FYI, I'm running an ad campaign at the moment on just Google Search, not the content network, and it's not charging me the full price for any clicks so they appear to smart price everything and not just the content network.
FYI, I'm running an ad campaign at the moment on just Google Search, not the content network, and it's not charging me the full price for any clicks so they appear to smart price everything and not just the content network.
i think that is the adwords ad discounter, not smartpricing:
[adwords.google.com...]
The downside is a crappy site has no hope.
It's not a hassle if you deploy an automated solution.
I have yet to hear of an automated solution that identifies, contacts, and pitches potential advertisers.
I can see why some publishers might want to sell text ads directly to advertisers, but for many of us--especially those of us with editorially diverse sites--it makes a lot more sense to use a value-added aggregator like Google. The same goes for display ads: I work with a specialized ad network in New York (it's really as much a rep firm as an ad network) that brings in campaigns for national tourist offices, airlines, cruise lines, and other major advertisers. I'd never be able to make those ad sales myself, because (a) I don't have the contacts; (b) I don't have the time; (c) I'm not in a position, geographically or otherwise, to take New York media buyers to lunch and talk to them in Mediaspeak; and (c) most of the advertisers want to spread their impressions over more than one site.

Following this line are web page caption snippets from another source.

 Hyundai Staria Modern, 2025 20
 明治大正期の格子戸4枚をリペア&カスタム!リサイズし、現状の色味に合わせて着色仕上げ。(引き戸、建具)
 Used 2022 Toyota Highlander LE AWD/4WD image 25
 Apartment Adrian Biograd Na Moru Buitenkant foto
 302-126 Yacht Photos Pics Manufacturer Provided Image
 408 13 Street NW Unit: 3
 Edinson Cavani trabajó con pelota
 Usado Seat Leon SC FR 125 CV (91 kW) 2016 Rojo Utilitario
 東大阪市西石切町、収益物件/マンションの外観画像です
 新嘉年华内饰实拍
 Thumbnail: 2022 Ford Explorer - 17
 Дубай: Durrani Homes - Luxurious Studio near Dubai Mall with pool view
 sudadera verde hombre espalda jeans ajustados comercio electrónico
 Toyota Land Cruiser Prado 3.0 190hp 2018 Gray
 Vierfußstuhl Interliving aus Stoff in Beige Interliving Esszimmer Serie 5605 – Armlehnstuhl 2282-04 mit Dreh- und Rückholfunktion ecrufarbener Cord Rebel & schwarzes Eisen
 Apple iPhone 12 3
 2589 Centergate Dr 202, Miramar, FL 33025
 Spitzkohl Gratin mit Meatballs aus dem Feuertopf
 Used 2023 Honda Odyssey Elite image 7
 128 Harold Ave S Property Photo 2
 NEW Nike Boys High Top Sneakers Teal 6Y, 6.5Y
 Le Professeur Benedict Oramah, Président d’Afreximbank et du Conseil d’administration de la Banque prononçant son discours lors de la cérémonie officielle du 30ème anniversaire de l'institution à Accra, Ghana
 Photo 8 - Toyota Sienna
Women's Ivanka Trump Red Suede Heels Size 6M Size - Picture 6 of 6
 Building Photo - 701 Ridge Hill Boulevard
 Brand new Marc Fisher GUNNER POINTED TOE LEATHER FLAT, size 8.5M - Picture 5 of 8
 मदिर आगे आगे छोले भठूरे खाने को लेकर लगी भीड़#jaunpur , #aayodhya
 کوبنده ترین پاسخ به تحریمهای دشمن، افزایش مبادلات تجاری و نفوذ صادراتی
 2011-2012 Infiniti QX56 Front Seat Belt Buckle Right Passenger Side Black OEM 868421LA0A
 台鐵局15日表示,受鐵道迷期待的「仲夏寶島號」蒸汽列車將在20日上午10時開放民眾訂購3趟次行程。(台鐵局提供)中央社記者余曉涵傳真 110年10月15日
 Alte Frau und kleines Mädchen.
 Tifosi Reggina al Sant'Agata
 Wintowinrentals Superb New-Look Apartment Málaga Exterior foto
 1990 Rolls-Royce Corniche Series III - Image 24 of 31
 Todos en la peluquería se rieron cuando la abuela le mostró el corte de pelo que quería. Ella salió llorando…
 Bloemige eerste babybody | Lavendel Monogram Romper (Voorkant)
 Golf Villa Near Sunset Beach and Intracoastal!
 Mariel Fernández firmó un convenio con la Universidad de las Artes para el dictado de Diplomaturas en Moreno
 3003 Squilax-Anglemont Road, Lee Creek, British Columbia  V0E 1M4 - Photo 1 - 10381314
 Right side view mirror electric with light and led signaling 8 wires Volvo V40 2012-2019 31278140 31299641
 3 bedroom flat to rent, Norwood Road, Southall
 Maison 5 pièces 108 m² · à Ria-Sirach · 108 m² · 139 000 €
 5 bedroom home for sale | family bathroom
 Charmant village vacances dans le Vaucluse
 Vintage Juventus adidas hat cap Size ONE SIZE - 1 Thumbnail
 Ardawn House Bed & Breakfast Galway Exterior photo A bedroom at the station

There's a reason why ad networks and rep firms exist: They're specialists who know more about selling and serving ads than the average publisher does.
I have yet to hear of an automated solution that identifies, contacts, and pitches potential advertisers
Don't need to contact them because if your site is really popular they will find you and I have advertisers from all over the world, not just the US.
That's why I have subtle links under all my sponsored ads "Advertise Here..." as people stumble across those links they swipe their credit card and up the ads go, plus a full page on advertising and an ecommerce page to let them pick the ad package and purchase online.
AdSense does ad to the mix but the sponsored links perform very well and I get all of the money less credit card processing transaction fees and the money is in the bank 3 days later - very civilized ;)
Don't need to contact them because if your site is really popular they will find you and I have advertisers from all over the world, not just the US.
I get about half a million visitors a month from all over the world, but that doesn't mean:
1) A travel agency selling Elbonian kayak cruises to UK residents is going to find an Elbonian kayak-cruise page on my site and want to buy an ad on that page, or...
2) I'm going to want to spend time discussing ad rates with a UK kayak-cruising agency, collecting payment, and setting up an ad to reach a geotargeted audience on that one page of my 5,000+-page site.
It's far more efficient for the travel agency and for me to let Google be the intermediary and aggregator.
I finish a 20-page guide to Widgetburg, Elbonia and publish it this afternoon. Almost instantly, that content is being monetized by targeted (including geotargeted) AdSense ads for hotels, tours, or whatever ads Google might have in inventory for Widgetburg or Elbonia. That's a lot easier and more profitable for me than trying to line up advertisers who market services for travelers to Widgetburg.
Let's face it: If AdSense didn't offer value to publishers, you wouldn't be seeing publishers using it (including publishers who have their their own very large advertising-sales departments).
1) The advertiser may not have an affiliate program. (Many, if not most, advertisers don't.)2) Even if the advertiser does have an affiliate program, the publisher may not want to trade guaranteed AdSense revenues for revenues from an affiliate program that may or may not materialize or that may be slow in coming.
Those are true statements. That's why it pays to do the research to see if 1) they have an affiliate program, and 2) if they do, to test it out and see if it makes you more money.